A now very self-confident Trade Committee INTA of the European Parliament cratered the European top ACTA negotiator Luc Devigne from the Commission DG Trade (Wed 24 Feb 2010). Devigne took the interesting legal position that only their “EU negotiation position” has to reflect the acquis, not the scope of the ACTA negotiations as a whole. In particular, there is are no adopted criminal sanctions as part of the “acquis communautaire”, yet. Devigne previously took a maximalist position and said that it was upon member states to limit competences of the negotiations. The “Acquis Communautaire” is the corpus of law harmonized by the EU, and in the field of criminal law there are strong objections of member states to harmonize national criminal laws on the EU level. So while ACTA negotiations comprise criminal measures there are no harmonized criminal measures in the EU, thus formally the Commission lacks competence. It is a “technical” surprise to me, that the Council seems to believe that participation of few particular member states in the negotiations is a functional workaround. Unfortunately the Council refused to disclose the negotiation mandate of the Commission.
Chair
- Short introduction
Luc Devigne, Commission DG Trade
- improve the enforcement
- 11 trading partners
- enforcement NOT substantive
- not target non-commercial private individual
- not about internet termination and three strikes: clearly not the case (rem: Devigne himself put these French measures into the ACTA debate)

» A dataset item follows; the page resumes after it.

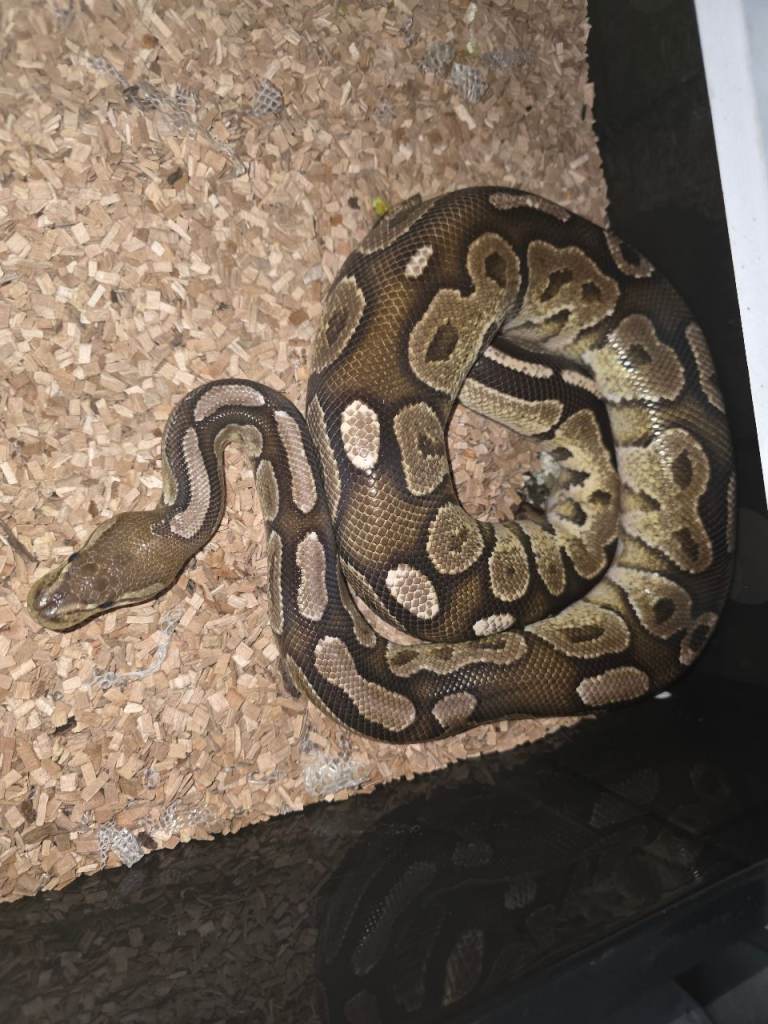 Plug and play snake racks and royals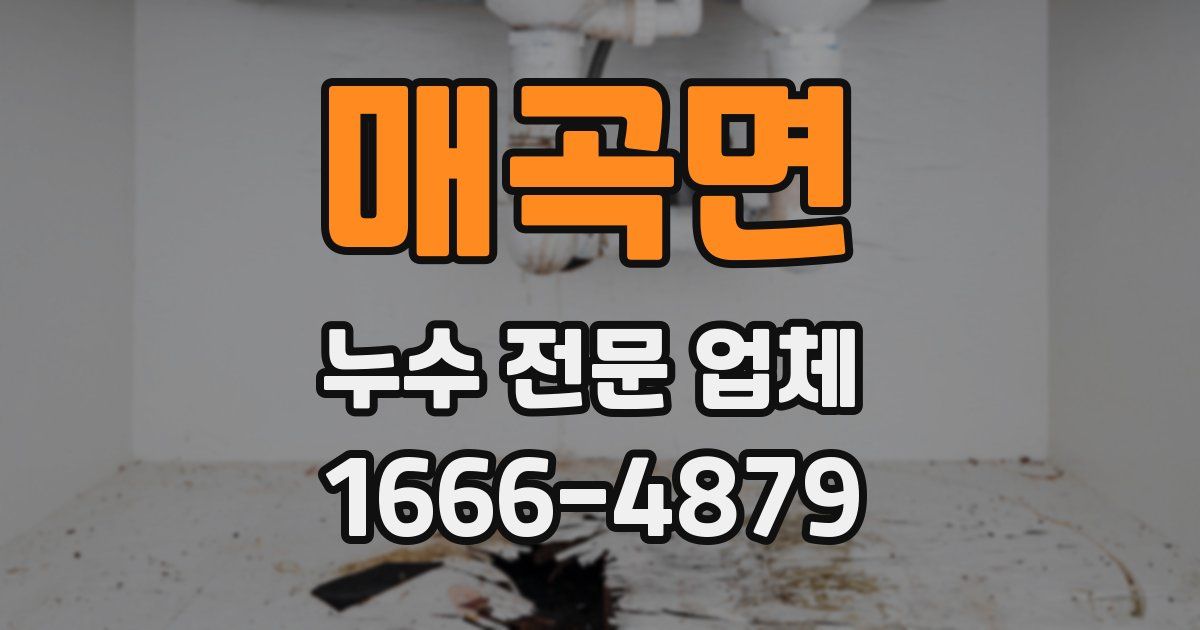 매곡면 누수 전문 업체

- Third stakeholder session
Daniel Caspary, Conservatives
- We don’t get enough information
- Where is the European interest (as opposed to the United States)?
- We don’t have EU level criminal law, so how can it be negotiated?
- Post Lisbon Parliament of Equal Footing -> member represented
Bernd Lange, Socdem
- Lisbon treaty: what happens? Insufficient level of information? Parliament involved?
- De Gucht promise. Interinstitutional agreement?
- Where is the info? Transparency?
- Restriction use on the internet discussed under ACTA.
- New Zealand leak
- Can Com guarantee that regarding you won’t take the same approach as in the Telecom package.
- Internet “free access” should be the principle
Martin
- Enforcement, not … — guarantee needed that we don’t have to change the acquis.
- Transparency lack –> suspicion
- Summary published, but it is rather a sketch
- Expect Commission to join the call for transparency.
Catherine Bearder, ALDE
- Secrecy concerns
- Consolidated negotiated text, deadline for comments, deadline 12 March, but we haven’t seen it.
- Lesson from SWIFT
- When are we are going to see the text, please?
Syed Kamall, ECK
- We all see importance of IPR, different positions
- How affect civilian and border control
- non-physical products.
- transparency, vacuum does not help, access to documents.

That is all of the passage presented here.